L’ascolto è quindi l’approccio che apre e chiude una strategia di contenuto, l’alfa e l’omega. La prima parte di una strategia infatti si compone di due attività di ascolto per noi fondamentali:
L’analisi desk si concentrerà sui fattori rilevanti emersi dal brief: in questo modo risulterà subito più focalizzata per raggiungere gli obiettivi desiderati.
L’analisi dell’esistente ci dà la possibilità di capire da dove partiamo, considerando i ragionamenti nascosti dietro i contenuti e le probabili motivazioni che hanno spinto a quella pubblicazione. In questo caso mappiamo i canali usati dal brand, i temi dei contenuti che pubblica, i formati e le scelte visuali e testuali che li compongono.
Insomma, come si dice: conosci te stesso…O in questo caso, il cliente in cui ti immedesimi.
Però questo è solo il punto di partenza. A questa si aggiunge l’analisi dei competitor diretti o di bisogno, focalizzandoci sugli stessi elementi considerati nell’assessment. L’ideale è che sia il cliente a fornire un elenco di competitor che già monitora a livello di marketing. Talvolta questa analisi viene ampliata ad altri best player che possono diventare un’ispirazione, un caso studio per la gestione di un canale, la produzione di certi tipi di contenuti o l’uso di certi formati. Spesso questi casi studio hanno un elemento in comune con l’azienda per cui si sta conducendo l’analisi, per esempio la struttura di business o il settore (ma non l’area di mercato). Ma può succedere che talvolta questi brand siano semplicemente un esempio magistrale di content marketing che non si può non considerare. Le spalle dei giganti sono lì apposta per aiutarci a vedere più lontano, insomma.

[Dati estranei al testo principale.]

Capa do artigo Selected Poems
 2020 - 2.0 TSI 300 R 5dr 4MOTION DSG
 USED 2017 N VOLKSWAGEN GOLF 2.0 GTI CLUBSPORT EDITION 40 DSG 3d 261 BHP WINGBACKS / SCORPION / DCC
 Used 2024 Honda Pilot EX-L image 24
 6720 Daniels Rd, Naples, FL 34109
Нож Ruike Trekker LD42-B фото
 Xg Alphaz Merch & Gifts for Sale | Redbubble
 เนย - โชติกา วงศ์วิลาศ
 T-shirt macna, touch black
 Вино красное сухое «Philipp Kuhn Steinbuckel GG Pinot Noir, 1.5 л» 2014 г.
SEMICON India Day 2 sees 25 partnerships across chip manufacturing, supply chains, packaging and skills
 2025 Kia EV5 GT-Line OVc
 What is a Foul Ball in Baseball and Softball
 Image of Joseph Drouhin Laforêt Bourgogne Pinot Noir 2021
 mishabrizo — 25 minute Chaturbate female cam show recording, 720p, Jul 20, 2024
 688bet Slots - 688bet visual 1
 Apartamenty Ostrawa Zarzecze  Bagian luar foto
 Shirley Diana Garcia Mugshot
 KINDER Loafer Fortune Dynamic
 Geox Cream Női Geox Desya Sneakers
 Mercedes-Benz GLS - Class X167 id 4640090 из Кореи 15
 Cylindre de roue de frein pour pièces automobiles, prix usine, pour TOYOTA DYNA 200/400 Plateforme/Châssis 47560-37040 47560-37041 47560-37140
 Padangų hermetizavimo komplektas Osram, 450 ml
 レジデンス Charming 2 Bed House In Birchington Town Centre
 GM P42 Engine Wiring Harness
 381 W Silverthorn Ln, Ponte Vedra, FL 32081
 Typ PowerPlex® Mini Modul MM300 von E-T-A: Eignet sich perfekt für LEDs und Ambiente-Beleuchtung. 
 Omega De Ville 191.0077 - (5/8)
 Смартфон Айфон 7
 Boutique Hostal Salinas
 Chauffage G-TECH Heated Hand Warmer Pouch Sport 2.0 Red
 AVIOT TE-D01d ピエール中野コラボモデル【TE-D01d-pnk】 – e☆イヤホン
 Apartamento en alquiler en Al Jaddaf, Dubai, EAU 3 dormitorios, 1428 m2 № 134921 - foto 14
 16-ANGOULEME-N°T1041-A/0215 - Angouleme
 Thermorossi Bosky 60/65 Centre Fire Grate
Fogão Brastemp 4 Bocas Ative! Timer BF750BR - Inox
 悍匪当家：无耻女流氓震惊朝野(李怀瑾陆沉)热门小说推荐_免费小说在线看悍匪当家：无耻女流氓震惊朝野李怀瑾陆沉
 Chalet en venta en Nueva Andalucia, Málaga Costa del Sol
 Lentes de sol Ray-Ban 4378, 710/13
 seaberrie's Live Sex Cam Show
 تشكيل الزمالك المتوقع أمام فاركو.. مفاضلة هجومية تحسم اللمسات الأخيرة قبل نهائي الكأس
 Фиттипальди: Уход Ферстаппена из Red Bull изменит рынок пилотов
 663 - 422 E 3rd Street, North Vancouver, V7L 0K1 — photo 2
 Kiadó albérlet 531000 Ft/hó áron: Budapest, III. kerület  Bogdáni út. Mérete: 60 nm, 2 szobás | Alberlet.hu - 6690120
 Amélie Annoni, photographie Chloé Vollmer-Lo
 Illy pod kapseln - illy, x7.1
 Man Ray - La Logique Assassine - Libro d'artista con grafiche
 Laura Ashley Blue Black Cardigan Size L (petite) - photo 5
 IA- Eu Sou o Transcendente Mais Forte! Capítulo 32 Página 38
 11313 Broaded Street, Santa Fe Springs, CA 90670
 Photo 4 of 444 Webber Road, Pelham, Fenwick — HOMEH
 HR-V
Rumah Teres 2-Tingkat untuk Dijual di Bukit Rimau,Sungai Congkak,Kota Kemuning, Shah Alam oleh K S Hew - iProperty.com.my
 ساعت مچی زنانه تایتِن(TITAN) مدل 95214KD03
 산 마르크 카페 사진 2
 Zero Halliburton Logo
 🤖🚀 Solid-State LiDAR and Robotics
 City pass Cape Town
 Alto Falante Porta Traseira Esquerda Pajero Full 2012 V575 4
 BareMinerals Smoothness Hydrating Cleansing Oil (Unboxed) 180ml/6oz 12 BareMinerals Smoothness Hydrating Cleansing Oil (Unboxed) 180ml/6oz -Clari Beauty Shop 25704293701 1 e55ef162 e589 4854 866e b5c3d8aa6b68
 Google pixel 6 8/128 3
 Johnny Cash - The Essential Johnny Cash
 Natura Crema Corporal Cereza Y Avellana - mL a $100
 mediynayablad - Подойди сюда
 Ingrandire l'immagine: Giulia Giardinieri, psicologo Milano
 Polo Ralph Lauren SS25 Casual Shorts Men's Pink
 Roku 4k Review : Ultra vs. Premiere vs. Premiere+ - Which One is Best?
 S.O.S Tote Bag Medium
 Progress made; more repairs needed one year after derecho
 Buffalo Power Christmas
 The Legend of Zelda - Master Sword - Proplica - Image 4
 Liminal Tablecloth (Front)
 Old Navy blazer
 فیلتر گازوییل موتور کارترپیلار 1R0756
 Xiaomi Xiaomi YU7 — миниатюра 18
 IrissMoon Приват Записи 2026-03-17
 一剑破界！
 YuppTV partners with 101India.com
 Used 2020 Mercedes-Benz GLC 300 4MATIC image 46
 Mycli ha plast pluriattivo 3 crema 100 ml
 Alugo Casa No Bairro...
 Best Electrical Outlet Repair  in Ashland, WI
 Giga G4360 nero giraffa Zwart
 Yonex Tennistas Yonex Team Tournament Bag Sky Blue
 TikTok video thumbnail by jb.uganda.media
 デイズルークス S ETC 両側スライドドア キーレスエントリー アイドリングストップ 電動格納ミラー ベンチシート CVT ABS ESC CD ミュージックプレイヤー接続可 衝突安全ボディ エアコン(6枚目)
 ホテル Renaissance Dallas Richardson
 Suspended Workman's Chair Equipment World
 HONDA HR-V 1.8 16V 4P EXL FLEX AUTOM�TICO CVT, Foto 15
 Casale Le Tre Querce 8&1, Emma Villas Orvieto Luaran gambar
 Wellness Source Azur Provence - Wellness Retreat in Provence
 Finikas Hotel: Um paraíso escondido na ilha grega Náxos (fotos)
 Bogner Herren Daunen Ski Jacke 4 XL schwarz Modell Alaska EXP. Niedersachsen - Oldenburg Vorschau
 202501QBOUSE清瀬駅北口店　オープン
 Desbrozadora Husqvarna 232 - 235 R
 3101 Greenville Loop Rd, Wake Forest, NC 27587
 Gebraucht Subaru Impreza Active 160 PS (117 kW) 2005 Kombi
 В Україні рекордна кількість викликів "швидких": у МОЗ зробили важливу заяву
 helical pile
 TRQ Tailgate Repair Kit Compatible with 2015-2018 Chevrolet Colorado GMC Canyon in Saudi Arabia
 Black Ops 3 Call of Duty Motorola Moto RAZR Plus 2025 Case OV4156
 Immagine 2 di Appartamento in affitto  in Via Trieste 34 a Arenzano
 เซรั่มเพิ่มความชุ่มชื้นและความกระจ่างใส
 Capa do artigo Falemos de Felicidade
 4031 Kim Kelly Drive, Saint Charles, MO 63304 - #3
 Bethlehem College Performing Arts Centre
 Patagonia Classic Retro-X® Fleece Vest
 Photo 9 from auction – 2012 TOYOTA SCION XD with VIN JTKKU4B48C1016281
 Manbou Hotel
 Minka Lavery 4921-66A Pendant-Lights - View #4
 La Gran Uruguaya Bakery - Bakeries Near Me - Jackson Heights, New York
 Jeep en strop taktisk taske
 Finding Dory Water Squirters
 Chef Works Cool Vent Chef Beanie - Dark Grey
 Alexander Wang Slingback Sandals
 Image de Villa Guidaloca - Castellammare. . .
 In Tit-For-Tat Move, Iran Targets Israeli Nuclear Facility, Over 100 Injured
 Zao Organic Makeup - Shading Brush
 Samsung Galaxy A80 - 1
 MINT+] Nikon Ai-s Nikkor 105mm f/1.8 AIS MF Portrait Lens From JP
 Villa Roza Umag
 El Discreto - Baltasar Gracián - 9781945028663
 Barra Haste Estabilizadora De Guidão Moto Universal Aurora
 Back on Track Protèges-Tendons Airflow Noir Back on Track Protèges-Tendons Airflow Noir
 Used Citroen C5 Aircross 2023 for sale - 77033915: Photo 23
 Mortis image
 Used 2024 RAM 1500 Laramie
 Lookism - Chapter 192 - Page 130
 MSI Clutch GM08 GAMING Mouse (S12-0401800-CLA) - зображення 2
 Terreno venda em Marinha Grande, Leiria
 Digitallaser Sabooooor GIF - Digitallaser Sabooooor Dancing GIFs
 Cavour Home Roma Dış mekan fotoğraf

Cosa ne viene fuori da tutto questo malloppo di analisi? Un documento che presenti le nostre considerazioni, certo, ma soprattutto un elenco di key learning sulla comunicazione di settore e una raccolta di best practice del benchmark di casi studio.
Ma c’è un terzo elemento fondamentale di questa fase di ascolto: il momento d’incontro con le persone che compongono l’azienda cliente. Quest’attività di workshop per noi è cruciale, perché permette di sentire con le parole di chi vive la realtà quotidiana aziendale, quali sono gli obiettivi di business e di comunicazione, quali le prospettive future per l’azienda e quali sfide e opportunità potremo incontrare in questo viaggio condiviso. L’importante è sempre ricordare che gli obiettivi da raggiungere con la strategia che stiamo andando a definire devono nascere dagli obiettivi aziendali.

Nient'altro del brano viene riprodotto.